Review: The 33 Fails To Seamlessly Combine Fact And Fiction
Title The 33
Director: Patricia Riggen
Screenwriter: Mikko Alanne (screenplay), Craig Borten (screenplay), Michael Thomas (screenplay), Jose Rivera (screen story), and Hector Tobar (based on the book “Deep Down Dark” by)
Principal Cast: Antonio Banderas, Rodrigo Santoro, Juliette Binoche, James Brolin, and Lou Diamond Phillips
Summary: Based on the real-life event, when a gold and copper mine collapses, it traps 33 miners underground for 69 days.
I’ve often said that the reason prequels often fail is because they have to work twice as hard to remind the audience that they already know the ending. This is something that rings just as true for a “based on a true story” movie but there is another element. The real world is often not formulaic like a traditional movie. There aren’t clear character arcs, nor are there beginnings, middles and ends, and those are needed for movies. Movies that are based on true stories need to add these elements but do it subtly enough that it doesn’t take from the event that is unfolding in front of us.
The 33 makes an admirable attempt to tell the story of thirty three Chilean miners that were trapped for sixty nine days, but a clunky script and a strangely “Americanized” feeling diminishes the product a lot.
Movies based on true stories need to work twice as hard to make sure the reality and fiction are blended seamlessly together. This requires a very strong script and The 33 is penned by four people based on a book written by one of the trapped men. They aren’t able to make that blending very smooth as it becomes very obvious very early on when things were added for dramatic effect. There were moments where I thought I was beginning to get swept up in the story and then something would come out of nowhere that felt like a scripted moment in a movie instead of something based on real life. I couldn’t focus on the movie because of those moments, and every time I lost focus I I remembered that I already knew how this ended and I stopped being interested again. It happened a few times and after the third or fourth time I stopped trying to get sucked into the story.
The movie also feels strangely Americanized in a way. The most dramatic way this shows is how the movie will switch from English to Spanish on a whim for seemingly no reason. It was very jarring and I didn’t understand why they didn’t just do the entire movie in Spanish. Perhaps they are going for mass appeal and a subtitled movie wouldn’t do well, but there are enough subtitles that might annoy some people who don’t like them in a movie. It was another moment that took me straight out of the movie and every time they switched back and forth it just seemed to highlight how clunky it was. I’ve seen actors learn another language for other movies and I would imagine a good portion of this cast could already speak Spanish. The screenplay also felt paced strangely as it seemed to have “stopping points” at least three times but I have to imagine that is what this situation was really like. These miners thought they were rescued and ended up having to spend even more time down there.

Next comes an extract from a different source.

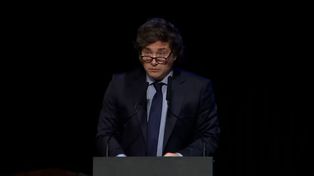 Milei cerró una jornada sobre política monetaria en el Banco Central y volvió a cargar contra estudiantes y rectores de las universidades.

There are some good things going on here. The story of what these men went through is very interesting and we see things from other angles that aren’t just the men. We see the search and how the government reacted. We see how much of the world’s attention this captured and how having a million eyes on them forced several hands. These are all very interesting things that I think would have been told better by a documentary rather than a regular movie. Director Patricia Riggen does a very good job of capturing the atmosphere of the mine, including the claustrophobia and the heat, and how hopeless it must feel to be so far underground. There are some good performances as well by the great Antonio Banderas but the performances get lost in the clunky script.
The 33 is another real life account that would have worked much better as a documentary than a feature length movie. The moments where The 33 tries to be a conventional movie are the moments that break the flow. This is an interesting enough story that it’s worth looking into but not quite worth the price of admission. I would take a look when it hits Redbox or Netflix.